> Work to complete
Copy each line below exactly as it appears. Pictures are to be omitted.

> Exercise data
·····

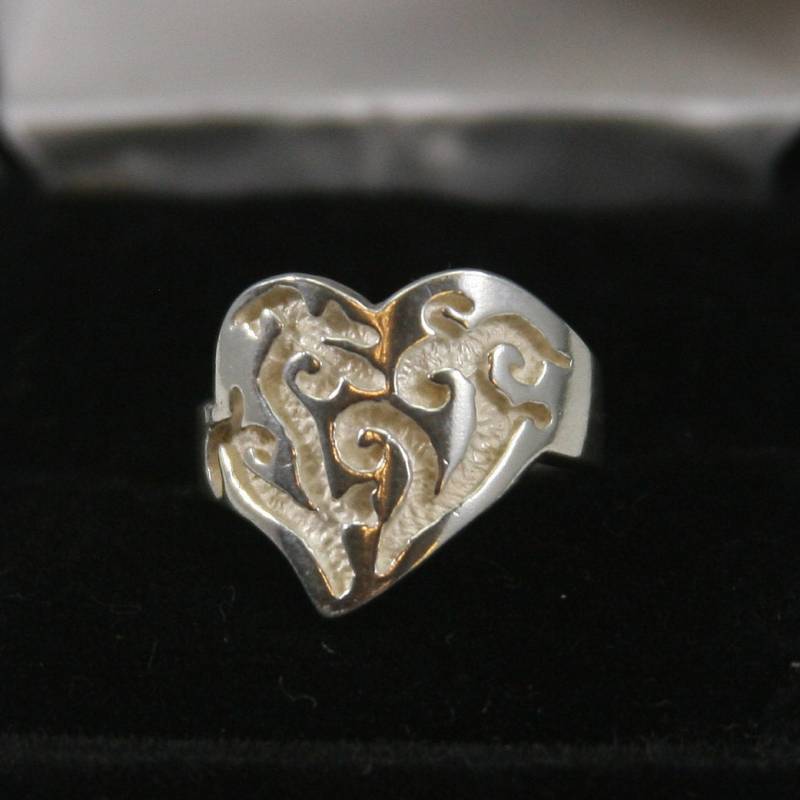 Vintage Sterling Silber Herz Ring 925 von EllieBsBoutiqueTN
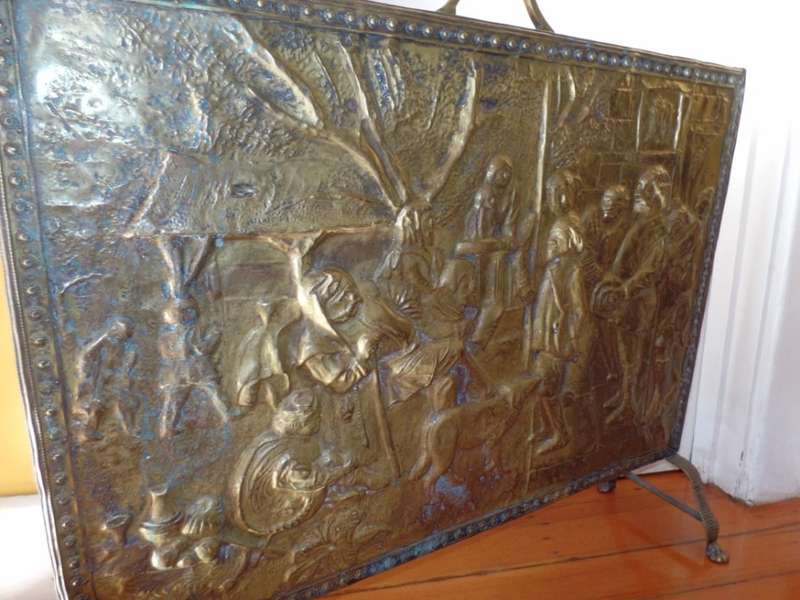 ANTIQUE DUTCH BRASS FIRESCREEN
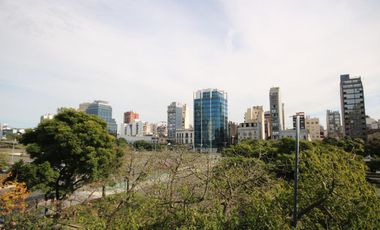 Oficina en Alquiler sobre Av 9 de Julio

·····

> Solved problem
 Vintage Sterling Silber Herz Ring 925 von EllieBsBoutiqueTN
 ANTIQUE DUTCH BRASS FIRESCREEN
 Oficina en Alquiler sobre Av 9 de Julio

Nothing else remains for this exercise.